Les pleurs de l'aube se compose d’une série de mouchoirs brodés de graffitis aux slogans politiques trouvés sur internet ou dans la rue. Ces messages représentent à la fois une époque et un désir de changement, de soulèvement par rapport à l’ordre établi : « Revolution is coming ».
La série Les pleurs de l'aube constitue un hommage à ces appels au grand bouleversement. Si ces messages sont voués à être effacés, la broderie les pérennise mais aussi procède à un basculement de la sphère publique à la sphère privée. Ces appels au combat peuvent autant être lus comme une incitation à l’insurrection collective que comme des incantations personnelles Ils parlent à l’insurgé présent en chacun de nous et laissent à chacun le soin de se les approprier ou non.

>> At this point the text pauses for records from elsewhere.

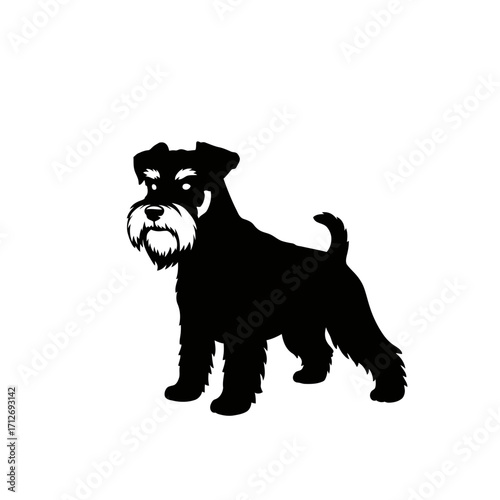 Silhouette of a miniature schnauzer dog standing alert with a distinctive beard and eyebrows isolated on white background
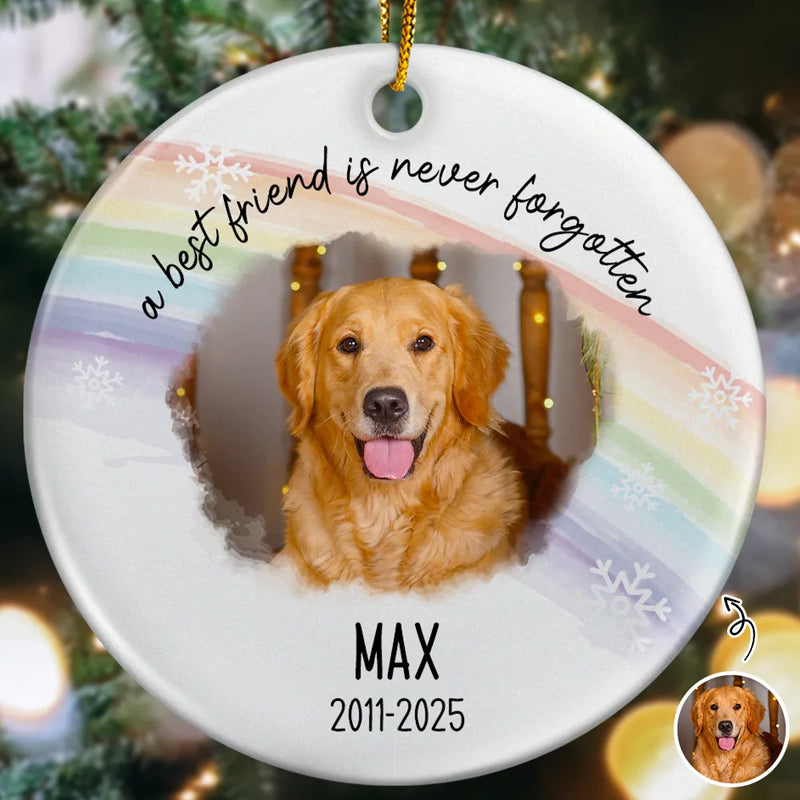 Pet Lovers,Pet Mom,Pet Dad,Pet Couple,Dog Lovers,Dog Mom,Dog Dad,Dog Couple,Cat Lovers,Cat Mom,Cat Dad,Cat Couple,Memorial,Sad,Christmas - Custom Photo A Best Friend Is Never Forgotten - Personalized Circle Ceramic Ornament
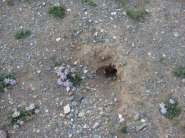 ����� �� �������.jpg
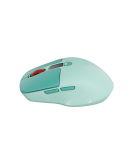 CANYON mouse MW-26 LCD Silent Dual Mode Wireless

Broder sur des mouchoirs, ces slogans représentent cette espérance, ce désir intime de changement et de révolte que parfois nous conservons en secret ou dés fois que nous préférons oublier. Le mouchoir est donc autant ici la mémoire de nos insurrections personnelles que l’étoffe recueillant nos pleurs et nos désillusions.

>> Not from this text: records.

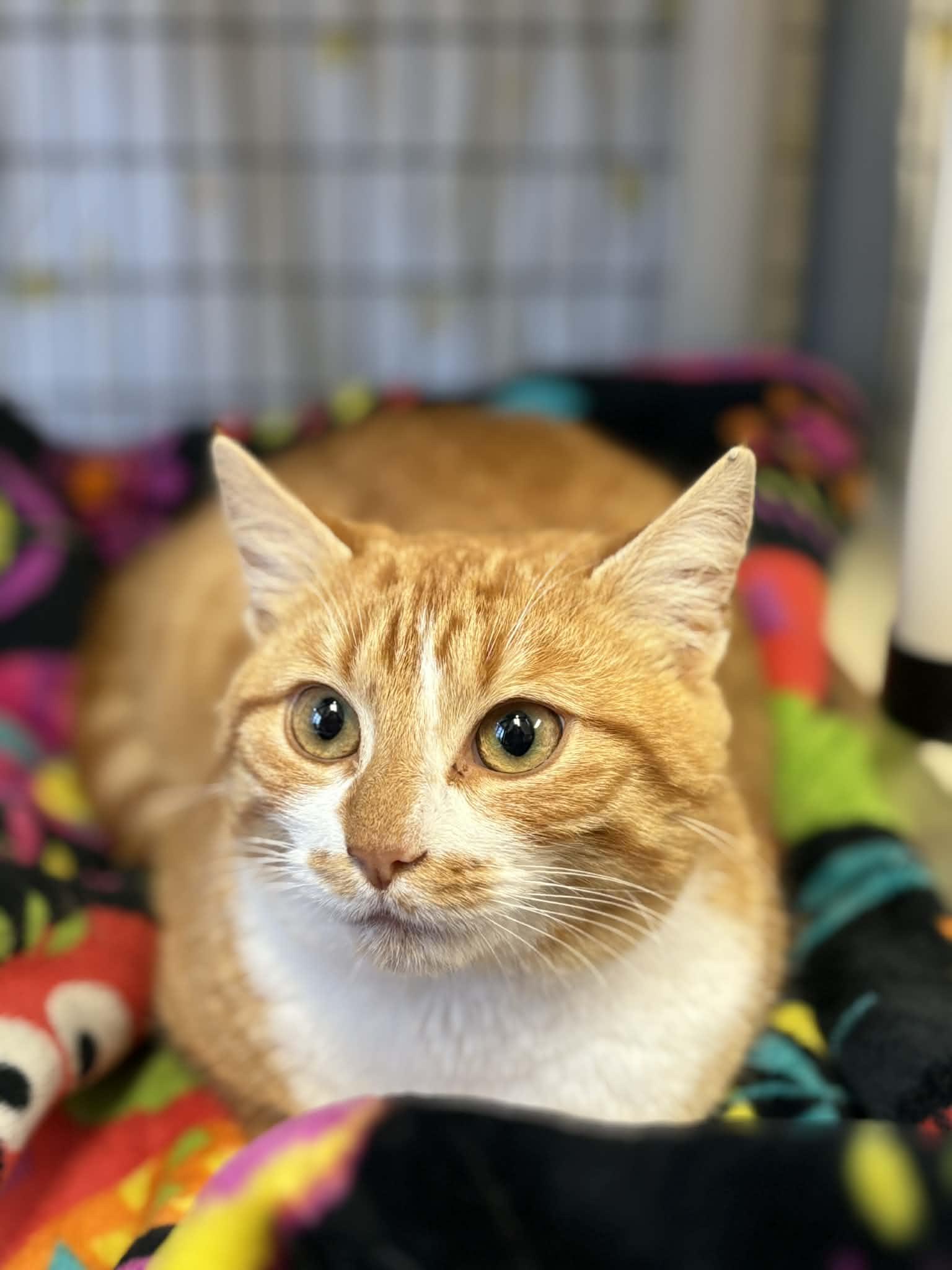 Anko, a ADOPTABLE mixed breed in Grants Pass, OR image 2/3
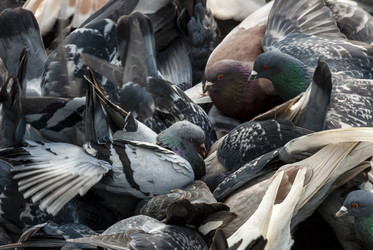 Большая стая голубей. A large flock of pigeons. Южно-Сахалинск. Сахалин. Sakhalin. (marka) - marka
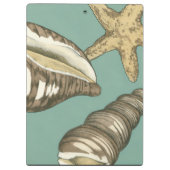 Small Shell Trio op Blauwgroen Klembord (Achterkant)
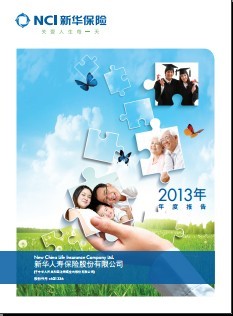 新华保险2013年年报年度报告245页.rar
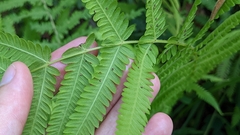 Pelazoneuron kunthii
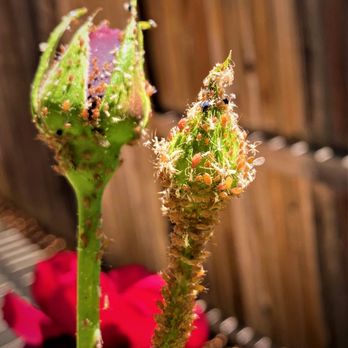 Pest Control Center - Aphid infestations can be prevented! Call us for more information. - Pest Control Near Me - El Dorado, California Pest Control Center - Aphid infestations can be prevented! Call us for more information. - Pest Control Near Me - El Dorado, California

"Celine Tuloup pratique la broderie, activité féminine et ancestrale. Elle la réactive dans ses pratiques contemporaines à l’instar d’une grenade dégoupillée. Sur ses mouchoirs brodés : « Les pleurs de l'aube », se trouvent des slogans, des graffitis. Le mouchoir en tissu est un objet très intime, personnel, auparavant chacun possédait ses propres mouchoirs, parfois avec ses initiales brodées. Trouver un mouchoir dans la rue donnait l’éventualité de retrouver son propriétaire. Broder des revendications sociales ou politiques est une invitation à s’accaparer personnellement ces slogans révolutionnaires."
Laurent Quenehen, 2020"Dans la série Les Pleurs de l'aube, le point de broderie s'éloigne de l'esthétique et devient message scandé ruisselant sur un mouchoir de famille épinglé au mur. Entre poésie et accroche de film d'épouvante, la miniaturisation se fait l'étendard d'une expression revendiquée, qui figure à la fois l'intime et l'usage expressif d'une parole universelle. Comme une nouvelle forme onirique et épique, la subversion du graffiti repéré dans l'espace citadin et déposé en relief sur le tissu déploie un message à caractère métaphorique. Une subite métamorphose d’une expression familière en expression étrange se réalise, et vice-versa. De nouveaux régimes d'intensités apparaissent alors dans la liaison de l'écriture et de son espace d'inscription. La rhétorique déclamative devient graphique et irréductible dans les coulures d'un mouchoir de poche."